Осень в городе — приволье для воришек и мошенников. Наивных и неопытных селян, понаехавших на столичные базары и ярмарки, надуть намного проще, чем подозрительных каленарцев, за долгие десятилетия уже привыкших подкармливать гильдии воров и грабителей, но относящихся к ним с присущим всякому честному (или не очень честному) человеку недоверием и злобой.
Осень в городе — пора тоски и хандры среди аристократии. На пикники и балы на открытом воздухе уже выезжать холодно. Повисшие над Каленарой и пригородами тучи в любой момент могут расплакаться пресными ледяными слезами, а бродяга-ветер, подобно всем бездомным, не испытывает должного почтения к прекрасным леди и готов без сантиментов задирать им юбки и срывать шали с полуобнаженных плеч. Вечеринки в саду отменяются по тем же причинам. Охотничьи выездки любят далеко не все, да и не принято на них постоянно дам таскать — их прекрасные очи явно не предназначены для созерцания той жестокости, которой отличаются гончие псы и егеря по отношению к загнанной дичи.
Осень в городе — это долгие темные вечера у камина, мокрые ноги, тяжесть напитавшейся водой куртки на плечах, книги в недорогих деревянных обложках, спицы и пяльцы, покрасневшие от холода руки, сводящий с ума аромат поздних яблок, небесные слезы на щеках, шумные торги с продавцами дров, склоки с завышающими цены молочниками и угольщиками, отороченное мехом домашнее платье, ставшая привычной меланхолия, грязь и лужи на улицах, сосущая пустота на месте сердца, привычные улыбки соседям, женщины в длинных плащах, мужчины в кожаных колетах, подогретое вино с пряностями и сахаром, золотые монеты опавших листьев на брусчатке, рвущая душу тоска, чуть великоватая вязаная шапка и алмазная уверенность в том, что следующий сезон уж наверняка принесет счастье.
Осень в городе — время забав и развлечений. Для простолюдинов — кулачные бои, скоморошьи пляски, балаганные представления и непременные горячие блины. Для скучающей, пресытившейся вечеринками аристократии — рыцарские турниры и большой королевский бал.
Беда пришла оттуда, откуда я ждала ее меньше всего. Да и не я одна, если честно. Стража, ворвавшаяся ввечеру в поместье, стала неприятной неожиданностью не только для меня, но и для Торина, и для милорда Ирриона, и для всей прислуги.

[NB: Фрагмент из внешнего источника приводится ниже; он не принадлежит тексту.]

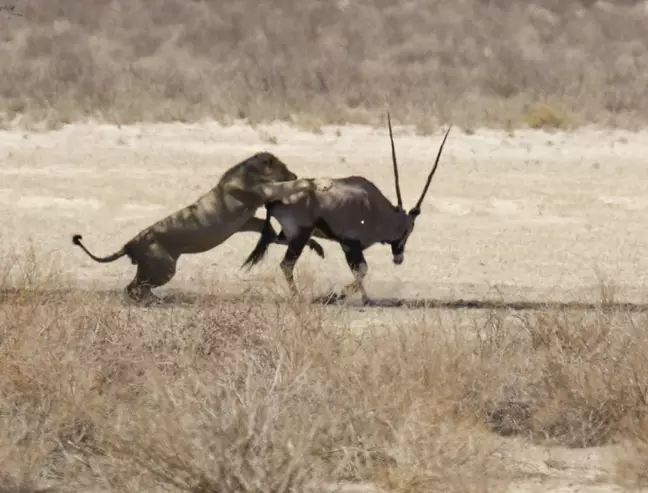 Photos Show How Antelope 'Allowed Itself' To Be Eaten By A Lion - Small ...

— Это что еще такое? — неприятно удивился мой подопечный. В глазах его явственно читалось негодование. Вот — говорил весь вид Торина, — вот остался на один вечер в родном доме, не поехал ни на какие рауты, так развлечения сами его нашли. Более чем сомнительные и подозрительные развлечения, надо заметить.
— Милорд Торин Лорранский? — звонким голосом недавнего пажа или герольда пропел молоденький капитан с густой копной роскошных светло-русых кудряшек и тоненькими щегольскими усиками над верхней губой, — Именем короля вы арестованы!

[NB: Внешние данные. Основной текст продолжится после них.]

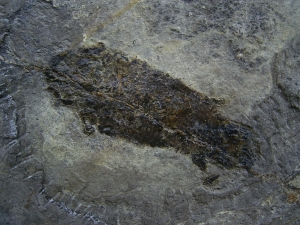 Dipterus, Bergisch Gladbach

— Чего? — схватился за сердце Иррион. Уже одно это показывало, как сильно сдал Лорранский-старший — еще полгода назад он сцепил бы руки не на груди, а на рукояти шпаги или меча. — По какому праву?
— По личному приказанию ее величества королевы Родригии, — несколько смущенно пояснил капитан, щелкая каблуками и на всякий случай отдавая честь. Его подчиненные, явно не испытывая никакого желания вязать благороднорожденного и насильно волочь его куда бы то ни было, рассеялись по кабинету, в котором мы коротали вечер, и начали с интересом присматриваться к предметам обстановки и стоящим в шкафах фолиантам. И вот уже изящная серебряная фигурка замершей в охотничьей стойке гончей исчезла в чьих-то бездонных карманах, и жалобно заскрипело сломанное неловкой рукой перо, и звучно грохнулась об пол доска для мартаки, и покатились по ковру упавшие с нее фишки и фигурки.
Торин, которого, похоже, еще ни разу в жизни не арестовывали, растерянно затряс кудрявой головушкой и начал вставать из кресла. Судя по его несколько нервным и порывистым движениям, бестолковый аристократеныш вздумал схватить капитана за грудки и потребовать у него отчета и за действия подчиненных, и за дерзкие слова, которые тот осмелился произнести в адрес благороднорожденного.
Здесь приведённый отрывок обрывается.